Fonda Lee Guest Post–“The Case for YA Science Fiction”

On a recent plane ride home from a major book festival, I ended up chatting with a woman next to me who had also been at the festival. “So, what do you write?” she asked, when she discovered I was an attending author. I reluctantly told her that I write science fiction and fantasy. “Oh, that explains why I didn’t see you on any panels this weekend,” she said. “I don’t read that stuff. Except for Harry Potter, of course. I’ve read all the Harry Potter books.”

This is why I generally avoid talking to strangers on the airplane.

There’s no question, however, that young adult fantasy is one of the largest, most lucrative categories in fiction publishing, exploding since J.K. Rowling changed the game in 1997. Some of the biggest names in speculative fiction work almost exclusively in the field—authors like Holly Black, Cassandra Clare, Laini Taylor, Leigh Bardugo, Sarah Maas, and Maggie Stiefvater to name just a few. They top bestseller charts, win awards, and headline festivals. The biggest recent YA novel to hit the shelves, Tomi Adeyemi’s debut fantasy Children of Blood and Bone, was a whopping seven-figure deal optioned by Hollywood before it was even published.

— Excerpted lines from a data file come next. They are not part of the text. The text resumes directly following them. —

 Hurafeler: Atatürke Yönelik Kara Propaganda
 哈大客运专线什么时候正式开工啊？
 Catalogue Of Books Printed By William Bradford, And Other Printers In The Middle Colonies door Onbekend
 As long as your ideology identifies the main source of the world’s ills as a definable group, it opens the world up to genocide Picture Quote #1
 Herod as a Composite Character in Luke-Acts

As for YA science fiction? Three years ago, when my second novel was on submission, nearly every rejection I received boiled down to, “We’re not looking for science fiction.” Naturally, being an insecure early career author, I was tempted to think this was code for, “We think your writing is garbage,” but by then, my first novel had been published to some acclaim and won awards, so I had more reason to believe my agent when he did his best to reassure me.

“You’re writing in a genre that makes people nervous,” he told me. “I’ve had to battle against folks who say things like, ‘Sci-fi is too hard,’ or, ‘I just don’t know how to market sci-fi to teens.’” Ever optimistic, he ended with, “Regardless, we’ll find the perfect home for this one.”

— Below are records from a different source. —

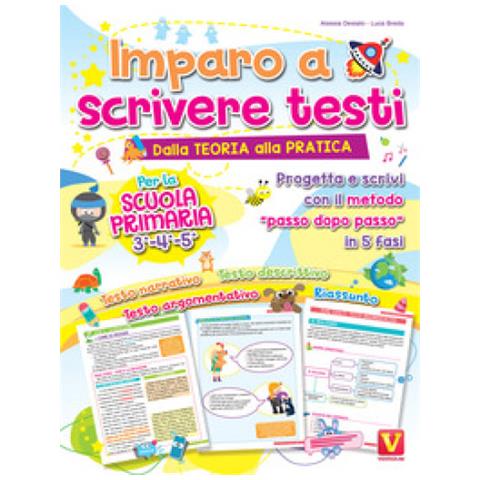 Alessia Desiato - Imparo a scrivere testi. Per la scuola primaria 3-4-5. Dalla teoria alla pratica. Progetta e scrivi con il metodo «passo dopo passo» in 5 fasi - Foto 1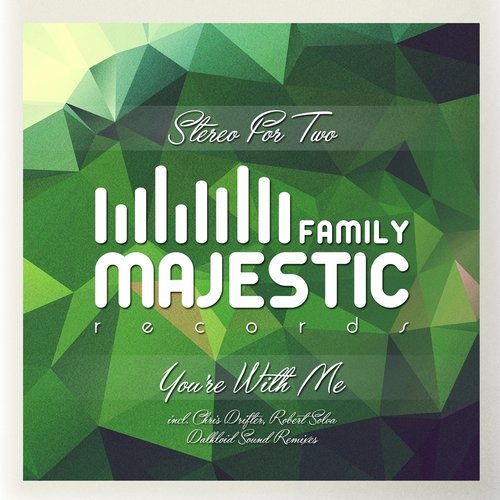 Stereo For Two – You’re With Me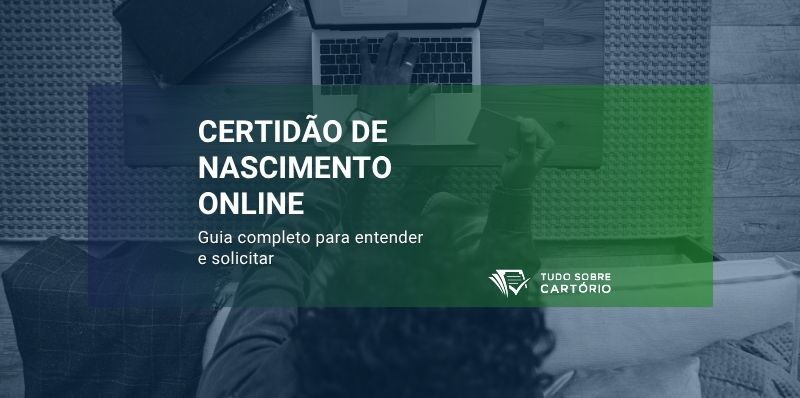 certidão de nascimento online guia completo para entender solicitar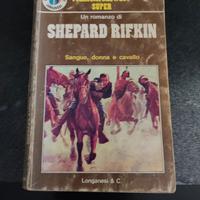 Libro shepard rifkin sangue, donna e cavallo 1977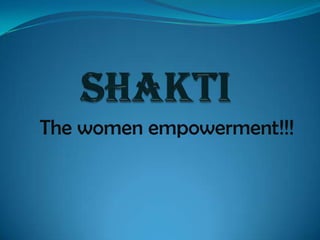 The women empowerment!!!
 
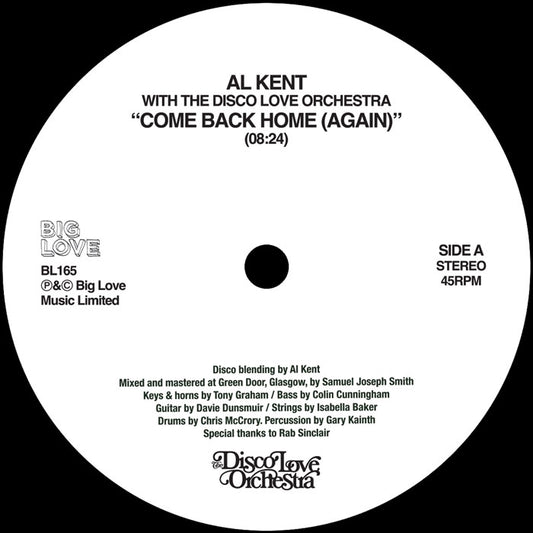 Al Kent with The Disco Love Orchestra - Come Back Home (Again) [Big Love]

We did; that book, Exo, sold to an editor at Scholastic who believed in it a hundred percent, and all’s well that ends well. But for a while, I had a frustrating front row view into the disparity between the two sides of the genre coin. While fantasy is more popular and more lucrative in the adult speculative fiction field as well, the imbalance seems to be worse in YA. Readers of adult fantasy often also read YA fantasy, and numerous authors are successfully published in both categories: Brandon Sanderson, Neil Gaiman, V. E. Schwab, Kate Elliott, and Daniel José Older jump to the top of my mind with little effort. In contrast, few authors cross between adult and YA science fiction. (I only managed to come up with Paolo Bacigalupi and Cory Doctorow.)

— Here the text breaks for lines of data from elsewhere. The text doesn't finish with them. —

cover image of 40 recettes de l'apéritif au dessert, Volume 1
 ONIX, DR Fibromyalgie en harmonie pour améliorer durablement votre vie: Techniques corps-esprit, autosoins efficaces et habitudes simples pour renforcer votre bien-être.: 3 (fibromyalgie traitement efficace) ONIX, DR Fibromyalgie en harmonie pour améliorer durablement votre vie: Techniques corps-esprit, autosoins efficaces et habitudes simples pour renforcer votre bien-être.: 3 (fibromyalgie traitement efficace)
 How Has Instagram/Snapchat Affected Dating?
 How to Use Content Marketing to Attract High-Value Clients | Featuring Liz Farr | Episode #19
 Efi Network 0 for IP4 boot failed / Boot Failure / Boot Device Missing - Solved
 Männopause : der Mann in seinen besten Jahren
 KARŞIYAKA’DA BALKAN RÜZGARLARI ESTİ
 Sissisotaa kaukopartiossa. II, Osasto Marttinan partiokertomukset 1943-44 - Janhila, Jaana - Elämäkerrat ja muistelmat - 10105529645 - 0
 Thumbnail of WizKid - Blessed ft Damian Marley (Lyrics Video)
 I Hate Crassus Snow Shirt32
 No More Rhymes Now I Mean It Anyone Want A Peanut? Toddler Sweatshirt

Why, at a time when we have a new Star Wars movie seemingly every six months, and teen-centered films A Wrinkle in Time and Ready Player One are box office successes, do we not have more breakout YA sci-fi books? I refuse to believe that the core ideas of science fiction—technology, society, change, and exploration—do not resonate with an activist generation that is growing up with smartphones in hand. That bleak cousin of science fiction, dystopia, hit its peak in YA with The Hunger Games and Divergent, but remains robust and in no danger of going out of style anytime soon. Yet as a whole, YA sci-fi lags well behind YA fantasy when it comes to publishing industry love and mainstream market success.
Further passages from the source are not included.